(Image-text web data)
'''

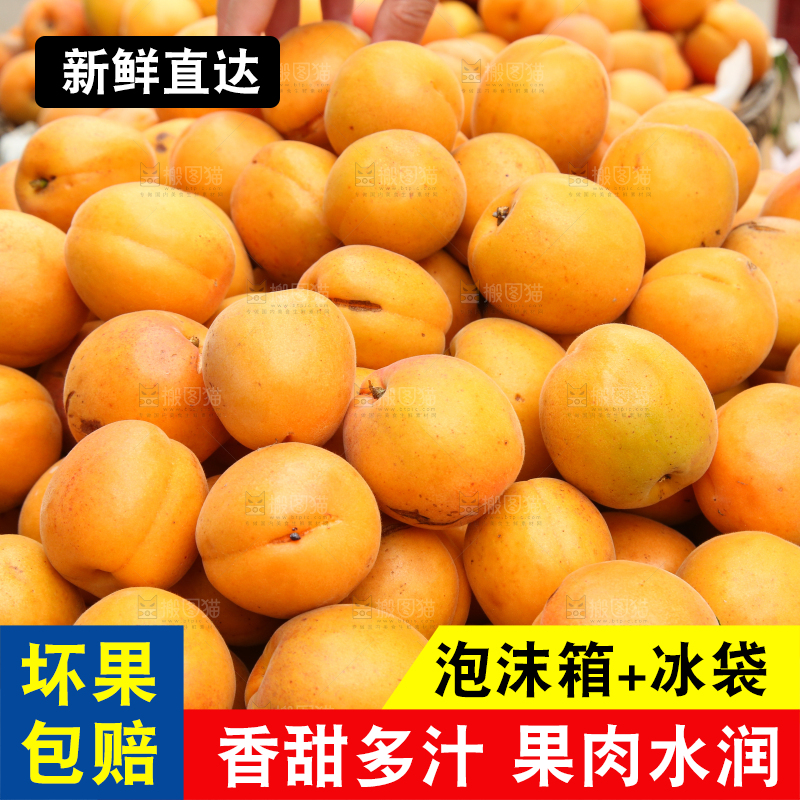 篮子里装着大黄杏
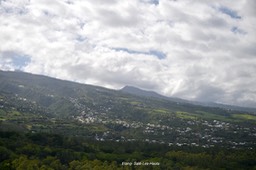 DSC_5213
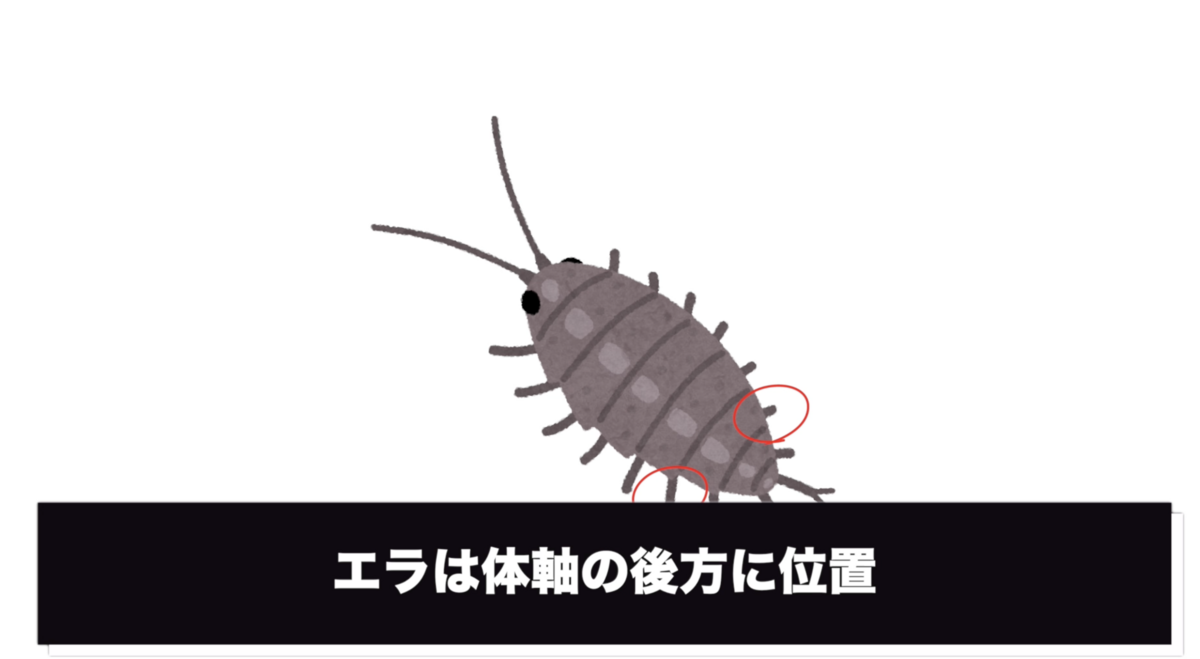 フナムシの生態 - 釣れ然なるままに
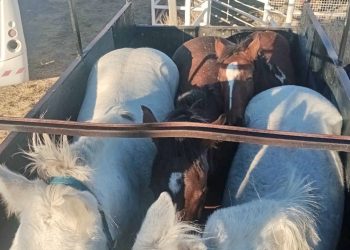 La Policía Rural refuerza los controles y el uso de la tecnología para combatir el abigeato y el mercado clandestino de carne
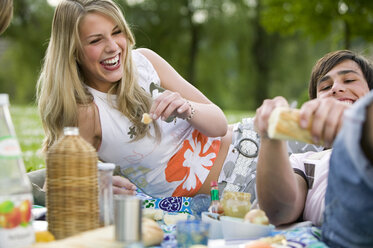 Teenager beim Picknick - KMF00260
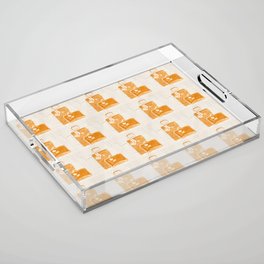 Block Pattern Suitcases with Travel Stickers in Orange Acrylic Tray
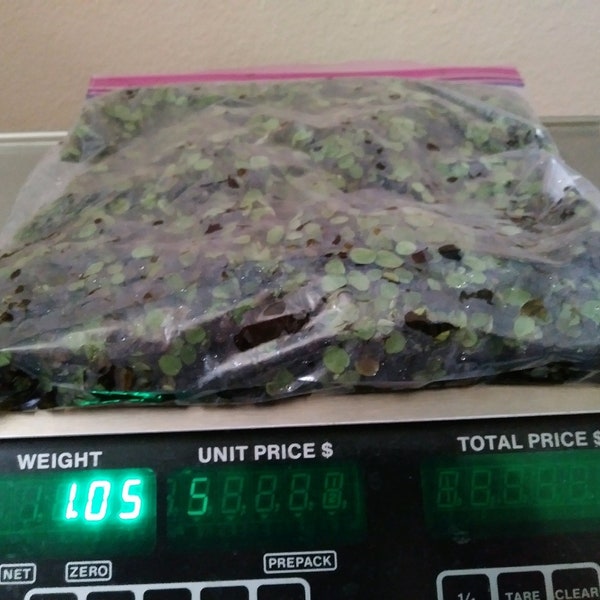 1 pound duckweed live plants for Tilapia food aquaponics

'''

**Problem to work on:** Leaving the images out, return every record exactly.

**Answer to the exercise:**
 篮子里装着大黄杏
 DSC_5213
 フナムシの生態 - 釣れ然なるままに
 La Policía Rural refuerza los controles y el uso de la tecnología para combatir el abigeato y el mercado clandestino de carne
 Teenager beim Picknick - KMF00260
 Block Pattern Suitcases with Travel Stickers in Orange Acrylic Tray
 1 pound duckweed live plants for Tilapia food aquaponics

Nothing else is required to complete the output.